GOAL OF THE EXERCISE —
In the data below, repeat the line containing "バルコニー付きデラックスルーム, Mekong Angkor Palace" and every following line exactly, up to and including the last line. Exclude pictures.

━━━━━━━━━━━━━━━━━━━━

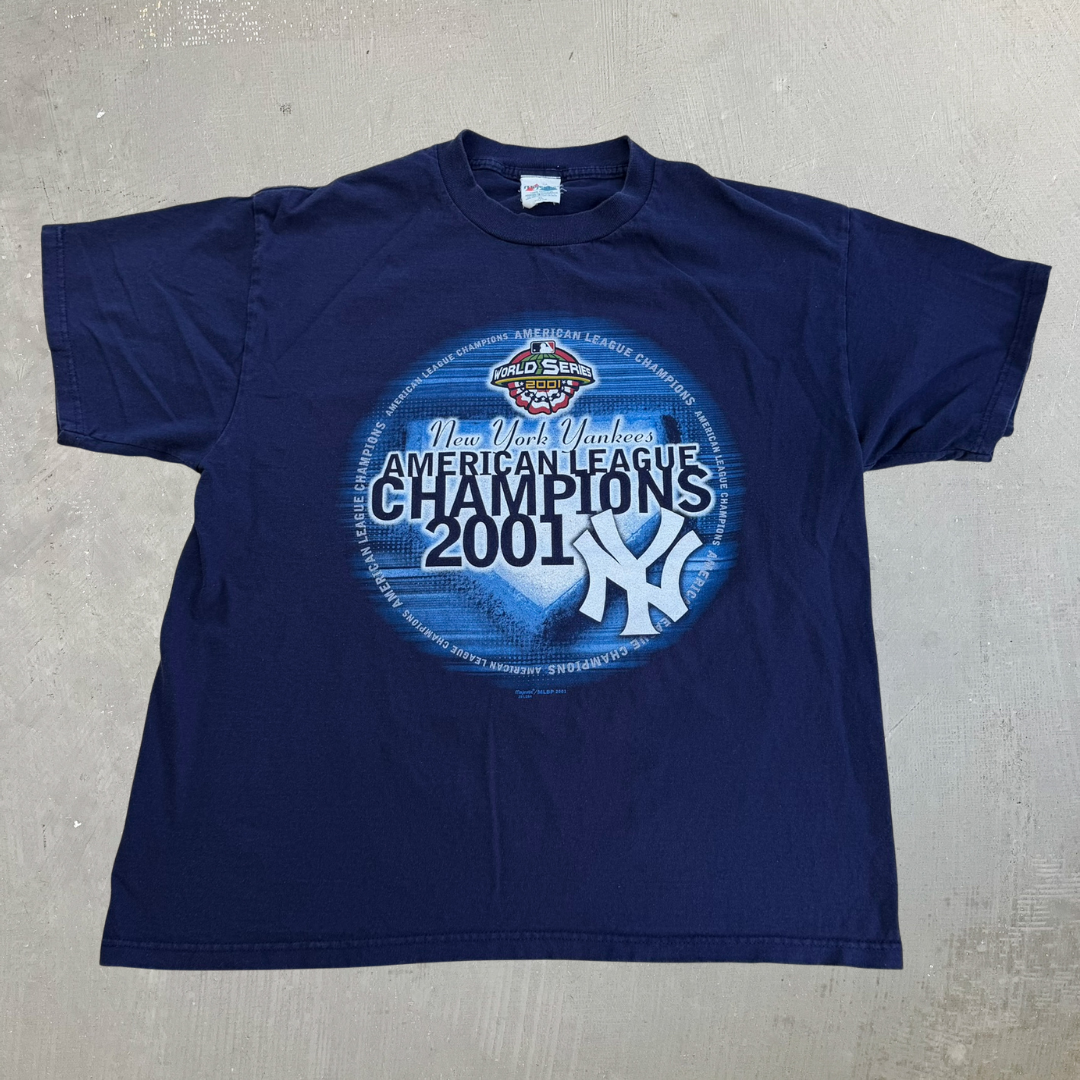 J- Vintage '00 New York Yankees MLB American League Champions Majestic Tag Tee - XL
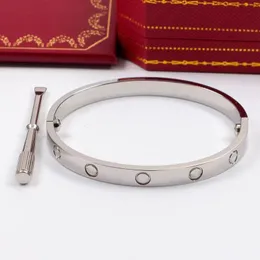 Bracelets d'amour en argent bracelet à vis design bracelets de mode classiques hommes et femmes bracelets en acier inoxydable de luxe haut de gamme accessoires de bijoux de mariage de fête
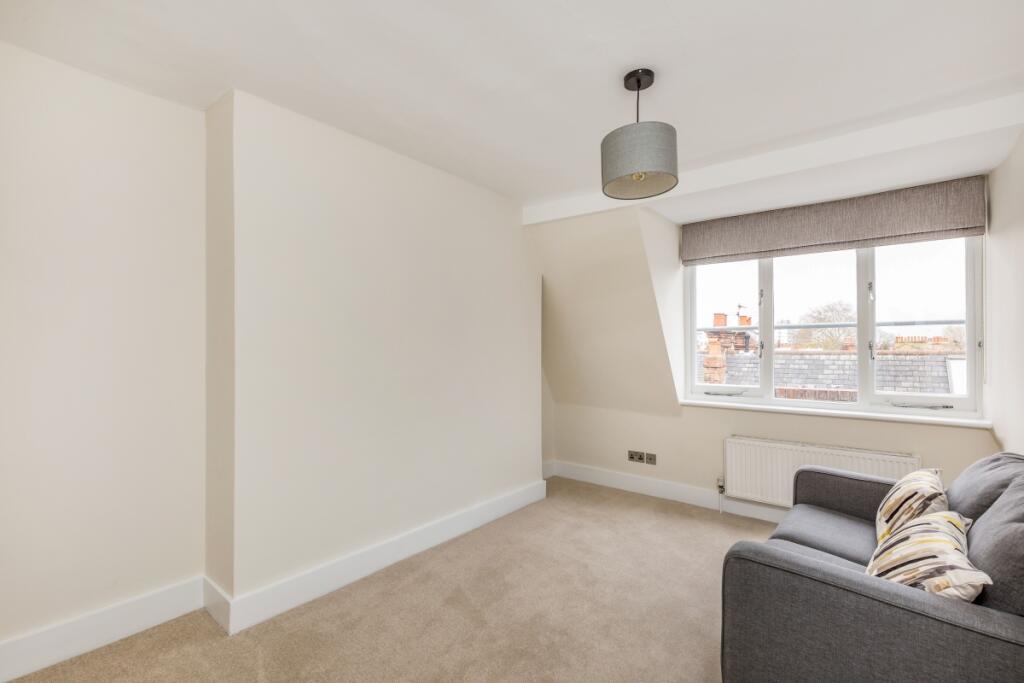 1 bed 1st Floor Flat for rent in London. From Draker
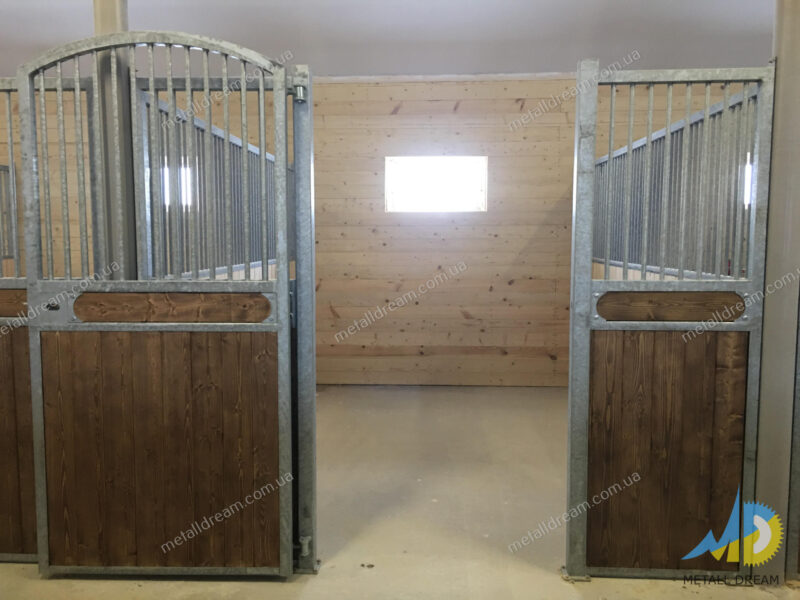 Денник з арковими дверима Денник с арочной дверью horse stall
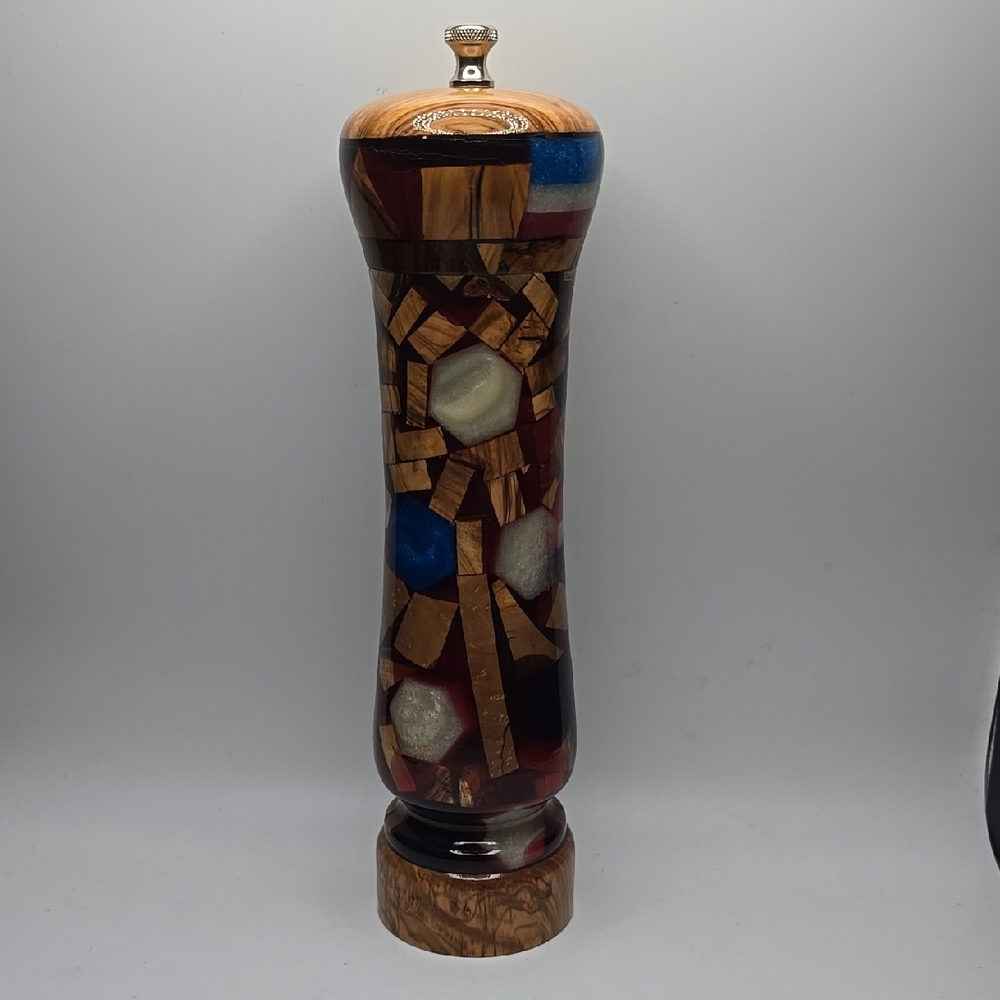 Pepper Mill Grinder Wooden and Mosaic Design - Picture 5 of 10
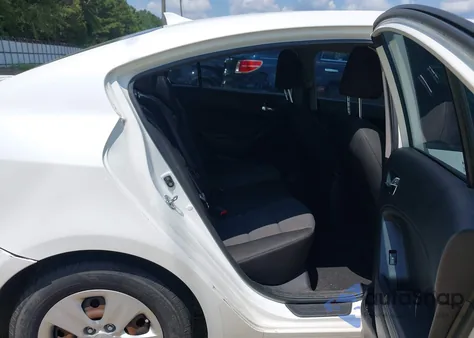 2015 Kia Forte Lx z USA, uszkodzony, nr VIN KNAFX4A62F5427334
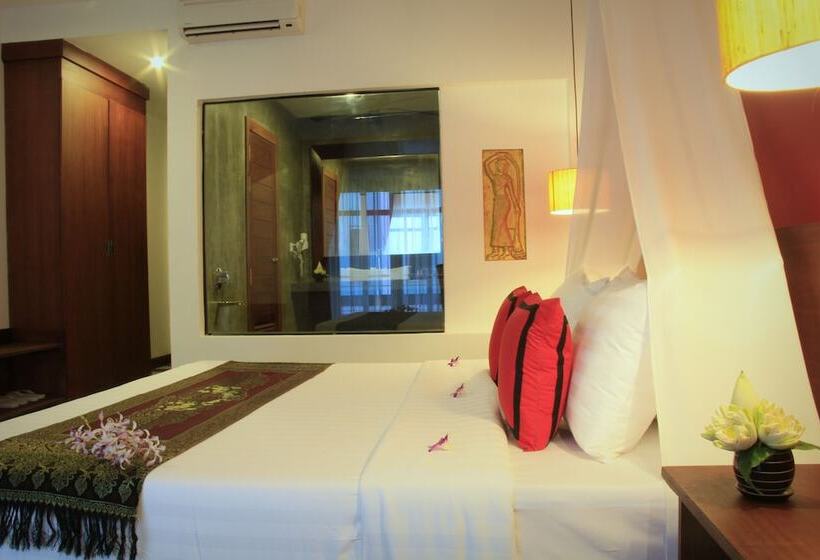 バルコニー付きデラックスルーム, Mekong Angkor Palace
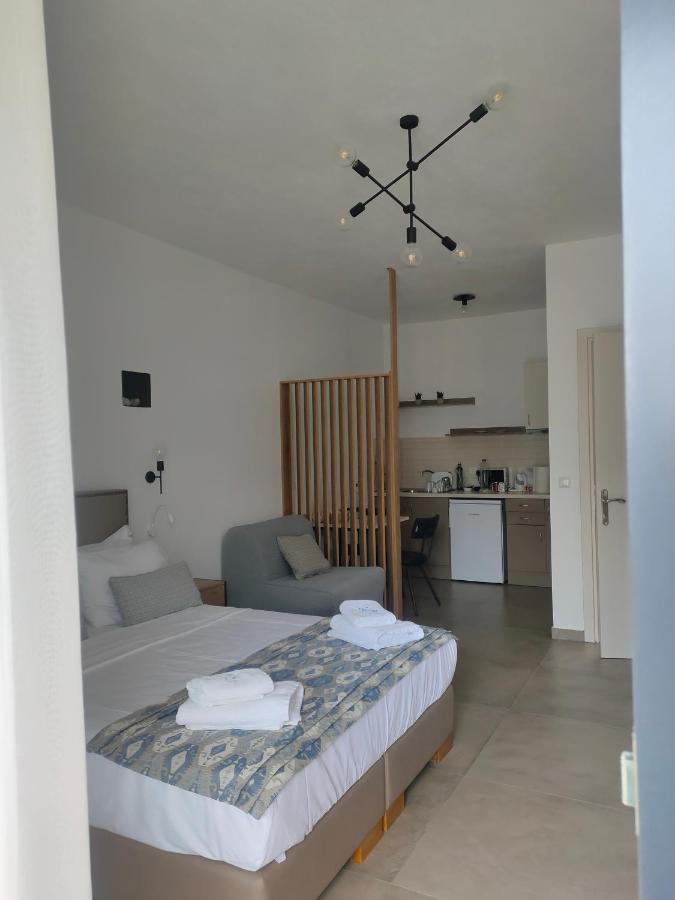 Theros Villas & Suites Chrysi Ammoudia Buitenkant foto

━━━━━━━━━━━━━━━━━━━━

TASK RESPONSE —
 バルコニー付きデラックスルーム, Mekong Angkor Palace
 Theros Villas & Suites Chrysi Ammoudia Buitenkant foto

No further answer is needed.